Nvidia se ha dado por aludida después de que Linus Torvalds les dijera hace unos días en una universidad de Finlandia "Que os jodan". Se refería a la nefasta colaboración por parte de la compañía de tarjetas gráficas en el soporte a Linux.

Ahora Nvidia ha respondido a Linus diciendo que su sistema operativo es realmente importante para la compañía. Clara estrategia de marketing por su parte. Ha venido a defenderse alegando que son muy activos en el desarrollo de los drivers para sus tarjetas gráficas sobre Linux, que lanzan a la vez en las GPUs nuevas a OpenGL tanto para Windows como para Linux, y que están participando activamente en el desarrollo del kernel del Linux para procesadores ARM.

Eso sí, no menciona nada sobre lo fácil o difícil que sea trabajar con ellos, ya que se puede ser muy activo en una comunidad, pero no ser la persona más cooperativa. A continuación tenéis el comunicado de Nvidia.

Supporting Linux is important to NVIDIA, and we understand that there are people who are as passionate about Linux as an open source platform as we are passionate about delivering an awesome GPU experience.

Recently, there have been some questions raised about our lack of support for our Optimus notebook technology. When we launched our Optimus notebook technology, it was with support for Windows 7 only. The open source community rallied to work around this with support from the Bumblebee Open Source Project http://bumblebee-project.org/. And as a result, we've recently made Installer and readme changes in our R295 drivers that were designed to make interaction with Bumblebee easier.

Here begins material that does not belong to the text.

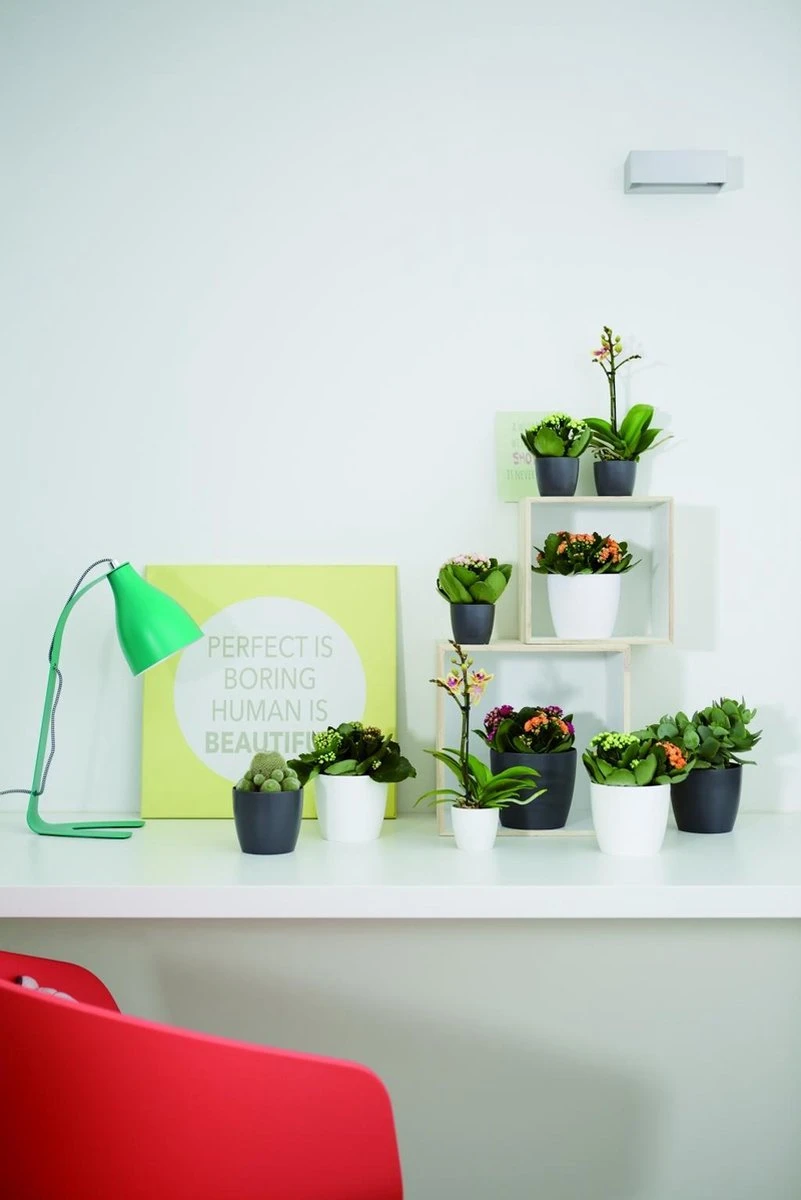 Elho Brussels Rond Mini 7 - Bloempot Voor Binnen - Ø 6.7 X H 6.0 Cm - Zwart/Antraciet 1 Elho Brussels Rond Mini 7 - Bloempot Voor Binnen - Ø 6.7 X H 6.0 Cm - Zwart/Antraciet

While we understand that some people would prefer us to provide detailed documentation on all of our GPU internals, or be more active in Linux kernel community development discussions, we have made a decision to support Linux on our GPUs by leveraging NVIDIA common code, rather than the Linux common infrastructure. While this may not please everyone, it does allow us to provide the most consistent GPU experience to our customers, regardless of platform or operating system.

As a result:

1) Linux end users benefit from same-day support for new GPUs , OpenGL version and extension parity between NVIDIA Windows and NVIDIA Linux support, and OpenGL performance parity between NVIDIA Windows and NVIDIA Linux.

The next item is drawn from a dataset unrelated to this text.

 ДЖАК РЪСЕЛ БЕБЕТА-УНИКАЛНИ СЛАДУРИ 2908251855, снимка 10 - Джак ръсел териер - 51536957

2) We support a wide variety of GPUs on Linux, including our latest GeForce, Quadro, and Tesla-class GPUs, for both desktop and notebook platforms. Our drivers for these platforms are updated regularly, with seven updates released so far this year for Linux alone. The latest Linux drivers can be downloaded from www.nvidia.com/object/unix.html.

3) We are a very active participant in the ARM Linux kernel. For the latest 3.4 ARM kernel – the next-gen kernel to be used on future Linux, Android, and Chrome distributions – NVIDIA ranks second in terms of total lines changed and fourth in terms of number of changesets for all employers or organizations.

At the end of the day, providing a consistent GPU experience across multiple platforms for all of our customers continues to be one of our key goals.